Art of Clean Code - Logging ~ VedantaTree ~ The Tree of Knowledge

"In some ways, programming is like painting. You start with a blank canvas and certain basic raw materials. You use a combination of science, art, and craft to determine what to do with them." - Andrew Hunt

My first lesson for importance of logging was in 2001-02, from my manager and coach Puneet Agarwal. We were building a framework for Data Bound Swing Components which can be used to design any application using a custom Net Beans kind of IDE, to enable rapid application development.

Design was to extend Swing Components, attach metadata for data source/s in context and pass it across component hierarchy using component life cycle events like add/removeNotify, and extend paint/print functions to render the components using data. This seems like a simple design flow, but had complex implementation due to hierarchical nature of UI elements. Data needs to be passed (and cleaned too) from parent to children and vice versa. Which means, any break in this recursive flow or any small miss (ex: even mishandling of data loading in repeated rendering events trigger by Swing) could cause issue in data loading, in rendering, memory management, and on focus kind of user facing features also.

The only savior to debug in such complex recursive programming environment was 'art of logging'. This is when my manager taught me the importance of logs, including right level of logs with right level of information and easy to understand format. I still remember that lesson and follow it that,

Logging is an Art

Fast forward today, we have much advanced features in IDE, ex: breakpoints, debug mode etc. These are making debugging much easier with live runtime data and control on start, restart and stop of events. Having said that, when there is issue in server or distributed environments, logs are very useful to understand the issue in one go by looking at logged data. Even in local dev environment also, it is much easier to see the whole system state by reading the properly crafted logs in one go.

Hence an effective logging is very important for clean code, a code which can be maintained easily for long, a code which can run in production without causing distress in nights for developers / ops / users and is easy to debug and fix quickly if there is any issue.

Let's talk about few of the important basics to make logging effective, and hence to write a clean effective code.

Have a common understanding of 'Format of Logs'

Yes, it is important. Refer to previous blog here about clean code, where we discussed about having standard formatting for codebase in a team, as it makes reading code easy. Same principle applies to logs also. If there are different kinds of log formatting, and patterns, it takes time to understand, and makes sense of it.

We should be able to read logs like a Story . A story narrating the state of system in simple words

Hence, decide on a format together as a team, and follow it. Sample format:

A message telling stage, state of the system. state1[value1] state2[value2]
Error caused by <reason>. Expected behavior was <expectation>. errorMessage[message], exception stacktrace if available
and so on..

Format is not that important, however, having a common understanding of format is.
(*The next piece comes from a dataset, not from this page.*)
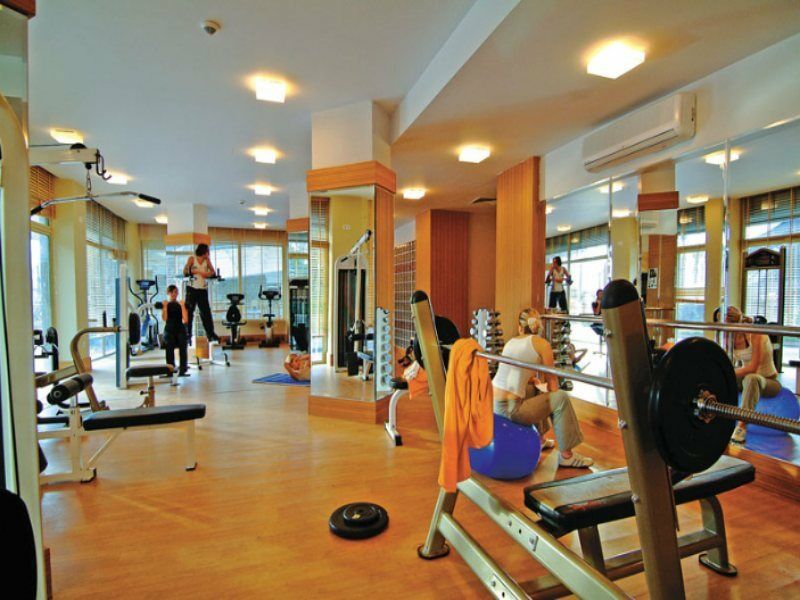 Mc Arancia Resort Hotel อลันยา ภายนอก รูปภาพ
Have a common understand of 'What to Log'

Similar to format of logs, having common understanding of 'what to log' is equally important. It helps to instill habit of logging right information as part of team culture, irrespective of components or developers. Ultimately, it helps to have symmetrical logs, with similar level of information which anyone can read, makes sense of the system state/error and can try to fix it. It helps to remove dependency on one person or even one team sometime, at least to understand the system state or cause of failure. Ex:

Incoming calls to system with parameters, and response codes or states.
Outgoing calls, parameters, and responses from other services. (of course after keeping security guidelines for logging in consideration)
and so on..

Have a common understanding about 'Level of Log'

Logging levels are important. What if all the logs have been put in 'info', it will make system super slow in live environment. Logs, string operations have significant impact on performance. And what if most of the logs are in debug, and there is no way to understand the important states in prod environment without enabling the debug mode, which will slow down the whole system. Same is for warn, error, and fatal too.

Define what should go where. Do we want to log all incoming and outgoing calls in info to understand important system interaction data. Do we want to log all intermediate important events in info. Do we want to log all state changes in debug, so as to debug any issue by just switching these on. Do we want to log db access failure as error, or it should be logged as fatal as we dont have any fallback db to failover automatically.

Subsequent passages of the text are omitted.